The aim of this study is to explain the themes and styles employed in the play Dr. Faustus by Christopher Marlowe. There exists a detailed study of styles in the text in relation to the themes.

CHAPTER TWO –

LITERATURE REVIEW

INTRODUCTION

In any tragic or serious play, the dramatist always endeavors to give relief to the audience by introducing comic scenes or episodes. The literary term for such comic interludes is known as tragic relief. Tragedy or a serious play is bound to create tension in the mind of the audience; and if this tension is not relaxed from time to time it generates some sort of emotional weakness or lassitude in mind of the audience. Hence, comic interludes are a necessity to ease the tension and refresh the mind of the audience. The chief purpose of the introduction of the comic episodes is to offer a temporary relaxation of tension engendered by the serious scenes. Another point is that there was also a pressing demand from the side of Elizabethan audience for such interludes. Hence, playwrights had to introduce such scenes as the producers also demanded it for a successful run of the play. Then the comic interlude may have an appropriate emotional connection in the development of the tragic play or it may be a formal burlesque of a tragic scenes. The art of tragic relief, especially in its former aspect, found its supreme artistic excellence in the dramas of Shakespeare, and this art of tragic relief was also followed by Marlowe as to achieve the same purpose.

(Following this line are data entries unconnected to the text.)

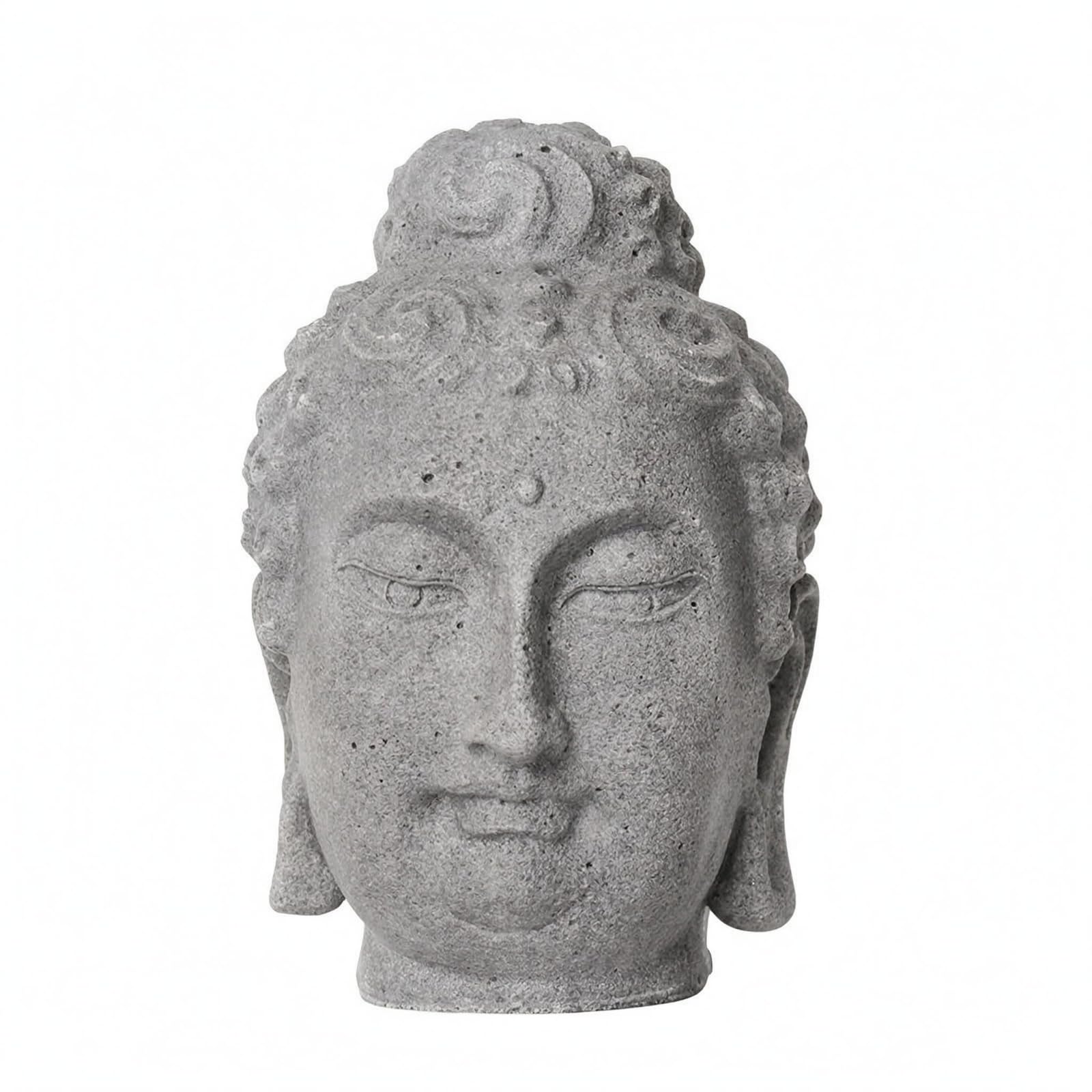 TISHITA Buda Cabeza Estatua Decorativa Escultura Ornamental Figura Tallada Ornamentación en Relieve con Textura de Piedra Base Rectangular Estilo Envejecido, Buda A
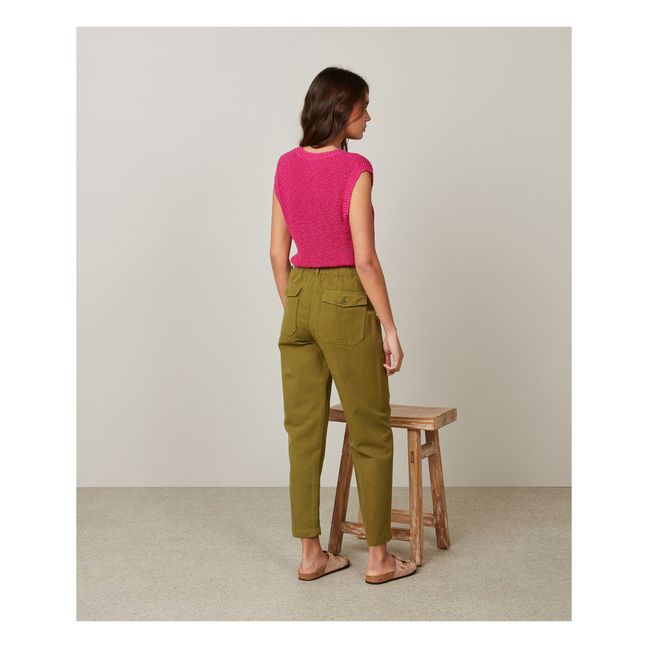 Pantalon Pumping Coton et Lin | Vert kaki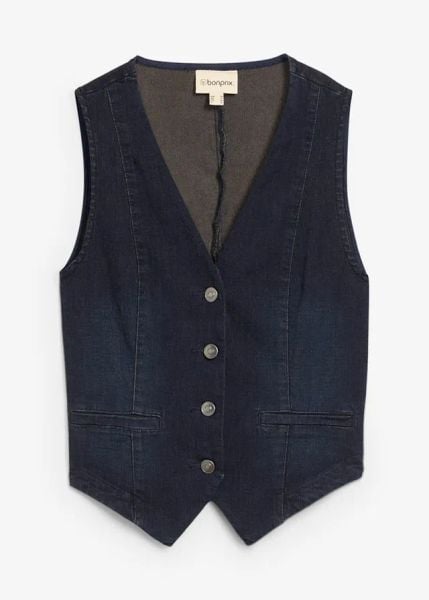 Kamizelka dżinsowa. Niebieskie kamizelki damskie bonprix. Za 127.99 zł.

Christopher Marlowe’s Doctor Faustus is recognized as one of the masterpieces of English drama. This play undoubtedly belongs to the tragic play, especially the tragic history of Faustus himself, whose soul is carried off to his eternal damnation by devils at the end of the play. At the beginning of the play, Faustus is seen already at the peak of his worldly career. He is already master of all the existing knowledge and skills. After getting his degree of Doctorate, and studying all the important branches of learning like Philosophy, Physics, Law, and Divinity realizes that he is ‘still but Faustus and a man’. He feels that all are inadequate and none of the subjects can help him to become as powerful ‘on earth, as Jove in the sky’. Faustus’ dream is to gain super-human power, and he would attain this power at any cost even by selling his soul to the Devil. Hence, in the end, Faustus, with his limitless lust for power and pelf, ultimately finds with horror how the flush and glory of his temporary success bring about his doom and eternal damnation.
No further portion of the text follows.